So what is there to be uneasy about? Elizabeth Walter - The Hollies And The Ivy: Gus and Judith Pentecost move into
The Hollies, previously owned by old Mrs. Dyer whose husband vanished, presumed murdered by wife although no body was ever recovered. From the first, Gus fights a losing battle versus the unruly ivy which clings to the walls and taps on the windows at night. Come Christmas, and they're entombed by the fist-thick roots. Another cracker for the
Vegetation! thread.
Miles Tripp - Commuter: For forty years, Sidney Hinds reflects, he's commuted to his dull job analysing unemployment figures before returning home to his joyless marriage. But today the station is deserted, the train doesn't arrive, and so he has no option but to return home and be nagged by Mabel for getting "under her feet" .... just as he has every day for years since he took an axe to her.
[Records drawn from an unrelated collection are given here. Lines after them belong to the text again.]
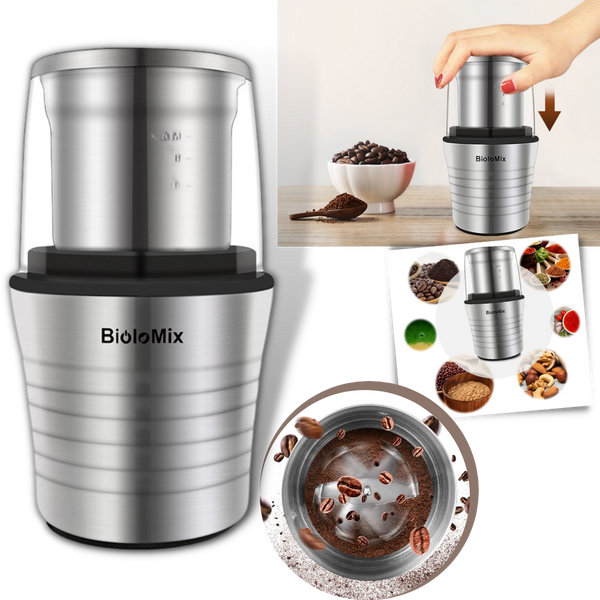 Mühle für Kaffee und Gewürze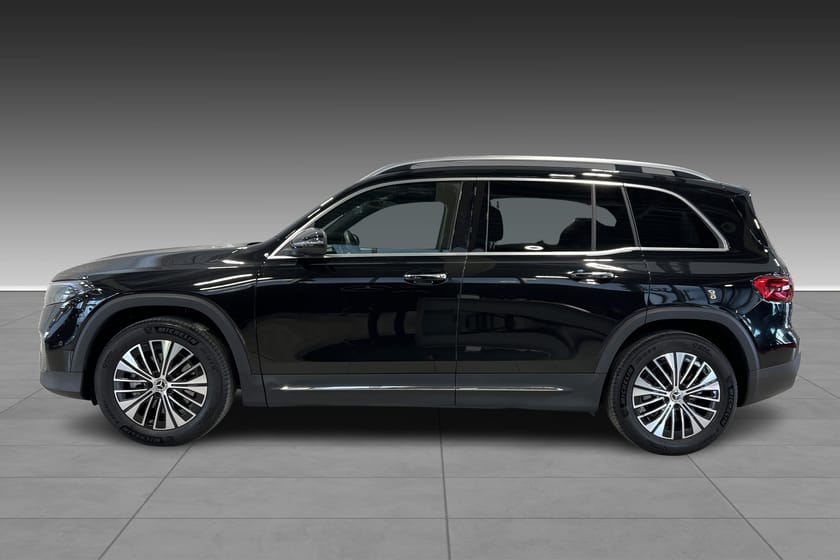 Bilde 4 av Mercedes-Benz EQB 300 4MATIC | Oppvarmet ratt | Krok | Memory | LED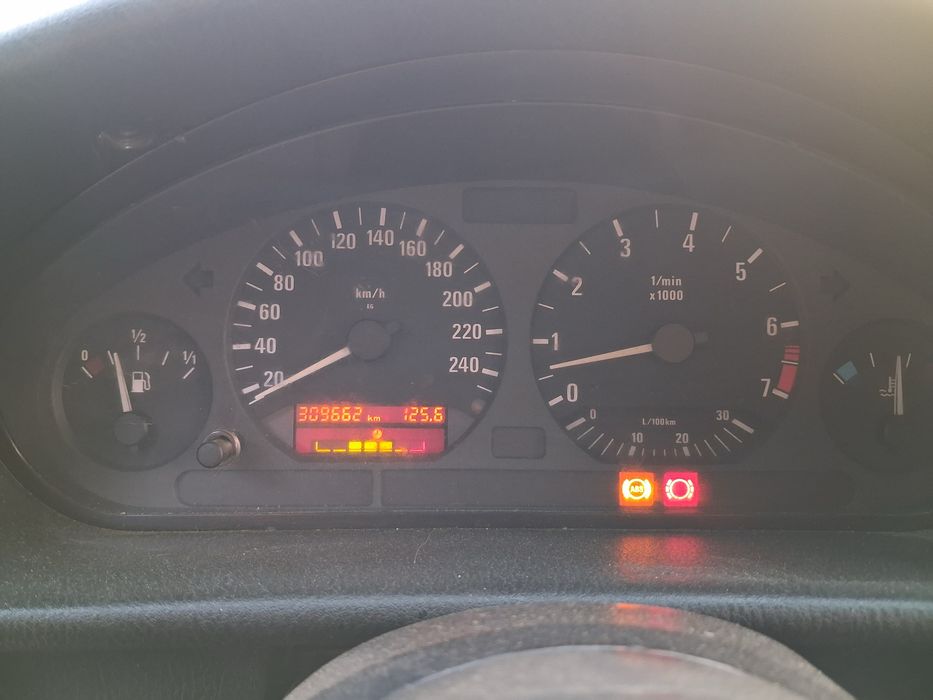 Bmw e36 2.0 m50b20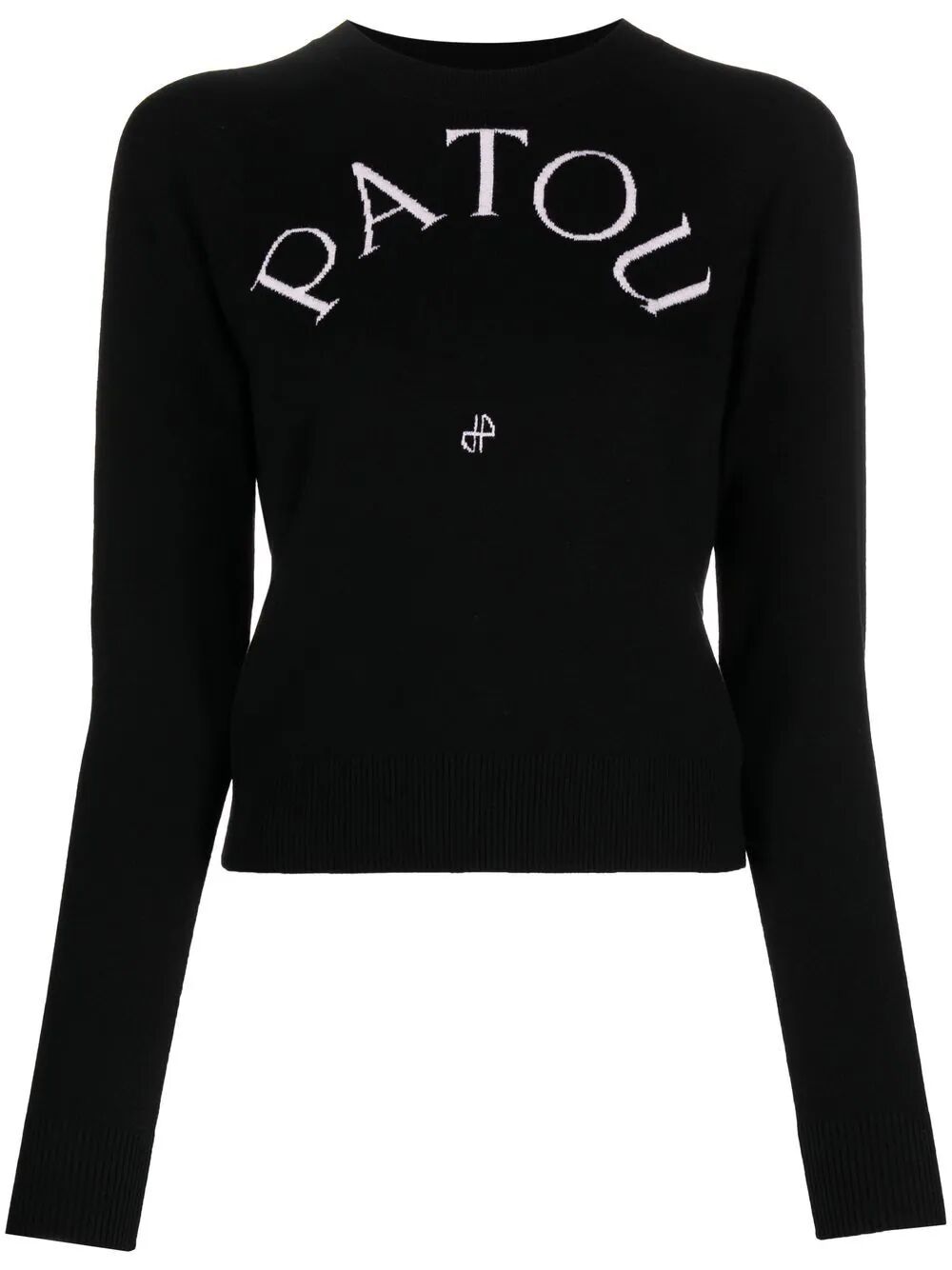 PATOU Logo Knit Sweater for Men - FW24 Collection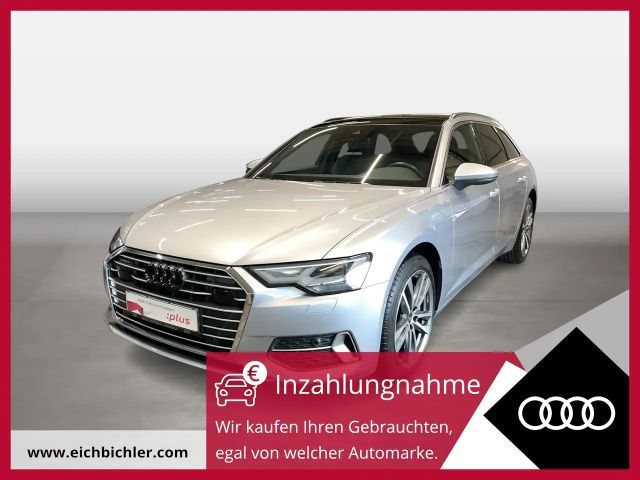 Audi A6 2022 Benzine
Today, in a rare moment of clarity, Sidney realises he's no reason to stay at the gloomy bungalow any longer, so he has a last hack at the corpse, packs some provisions and sets up camp in the waiting room of the obsolete station. When two youths break in, he defends his property entirely oblivious to the express train belting along the rails ...
Stephen Meadows - It Had Happened Before: Short-short. Another bitter marriage with every day, every excuse for a conversation a repetition of one that has gone before. Husband takes out the iron and creeps up on wife as she's watching TV.
Philip Evans - Tale-Telling: Contract killer in the confessional box. The previous night he committed his first murder for non-financial gain, shooting a beautiful woman he'd just picked up and made love to, Rosa Selvaggio, and he can't explain why. He's even more at a loss as to why she merely laughed as bullet after bullet sank into her without having any effect whatsoever. She appears behind her killer in the box, as does the Priest. He's mighty odd, too.